Defining Sola Fide—What is it?
Arguably one of the clearest and most concise confessional expressions of the historic Protestant doctrine of justification by faith alone was penned by the assembly of divines at Westminster Chapel in 1647: “Justification is an act of God’s free grace unto sinners, in which he pardoneth all their sins, accepteth and accounteth their persons righteous in his sight; not for anything wrought in them, or done by them, but only for the perfect obedience and full satisfaction of Christ, by God imputed to them, and received by faith alone” (WLC 70).
As to what justification is and does, this definition explains it as an act (a judicial act) of God that results in the pardoning of sins and the accepting of these pardoned sinners as righteous in His sight. Rather than encompassing the whole of salvation (sanctification, etc.), this doctrine is very limited in scope. Justification is a one-time declaration of God resulting in a change of standing before Him. This declaration of God points most emphatically to the basis upon which it is made: Christ’s atonement.
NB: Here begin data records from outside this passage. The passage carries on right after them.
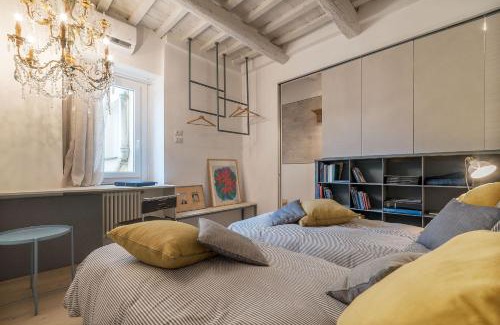Monti Apartment | Colosseum Exclusive Duplex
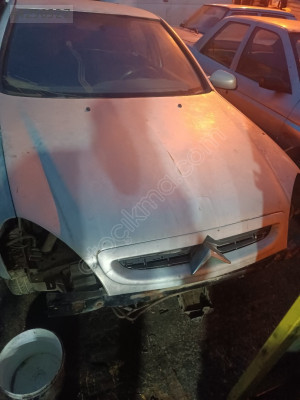 Citroen xsara ön panjur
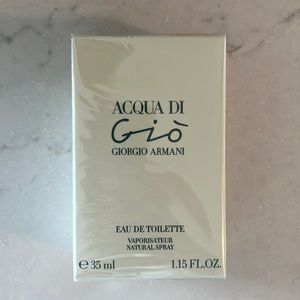 Acquaint di Gio Giorgio Armani Perfume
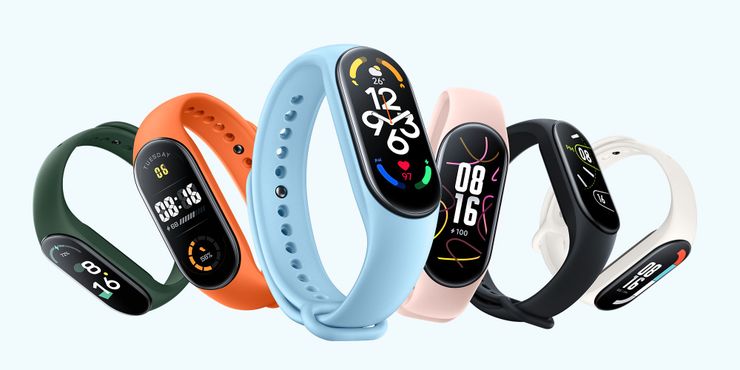 Xiaomi Mi Band 7 vs. Mi Band 6: ¿Qué hay de nuevo? 2 Xiaomi Mi Band 7 vs Mi Band 6 ¿Que hay.5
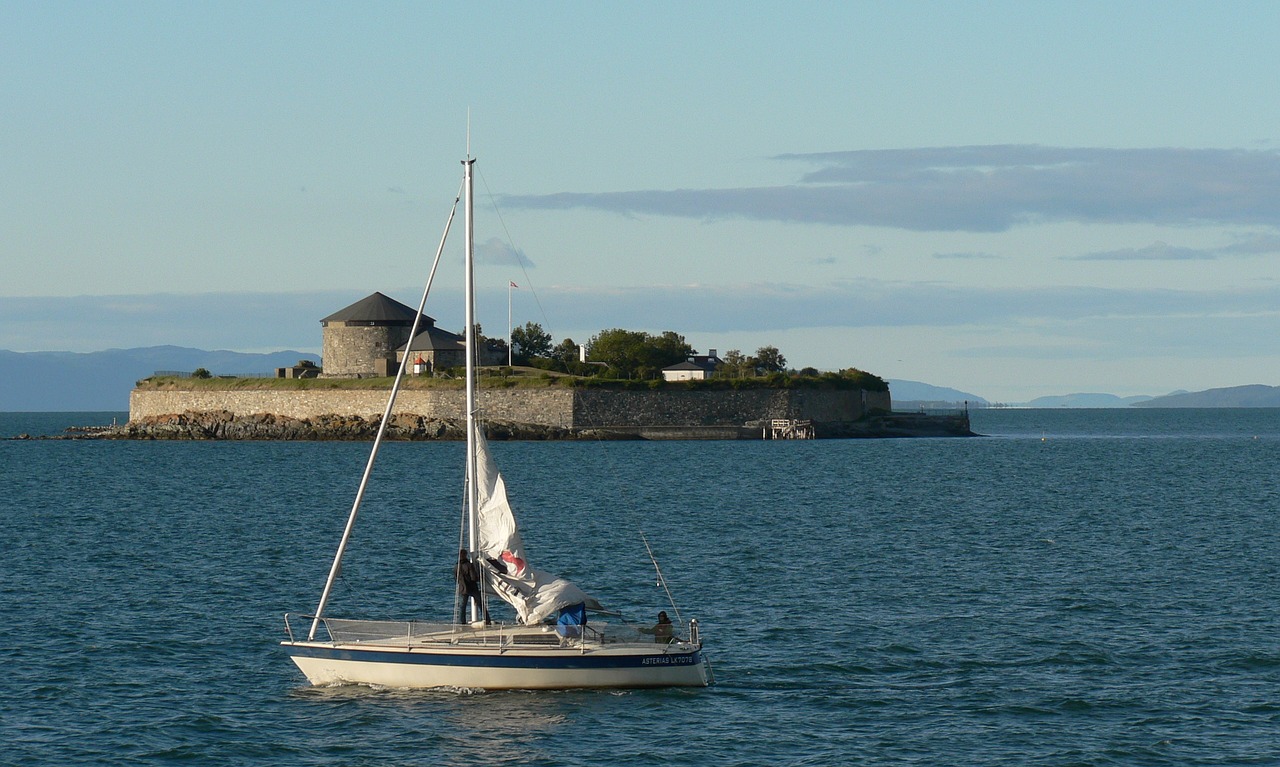 watercraft vehicle sailboat free photo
This definition is careful to limit its description of the ground of justification to the work of Christ. It specifically details the two aspects of Christ’s work upon which justification rests: His perfect obedience and His full satisfaction of God’s righteous law. A. A. Hodge comments on this imputed righteousness: “Our sins are said to have been laid upon Christ (Isa. liii. 6, 12; Gal. iii. 13; Heb. ix; 28; 1 Pet. ii. 24), because their guilt was so charged to his account that they were justly punished in him. In like manner, Christ’s righteousness is imputed or its rewardableness is so credited to the believer that all the covenanted honours and rewards of a perfect righteousness henceforth rightly belong to him. Rom. iv. 4-8; 2 Cor. v. 19-21.” Furthermore, Christ’s position as the ground of justification is exclusive, which is why the catechism’s definition explicitly denies “anything wrought in them, or done by them” (WLC 70). Christ alone is savior of sinners, and his atoning sacrifice is sufficient to save them.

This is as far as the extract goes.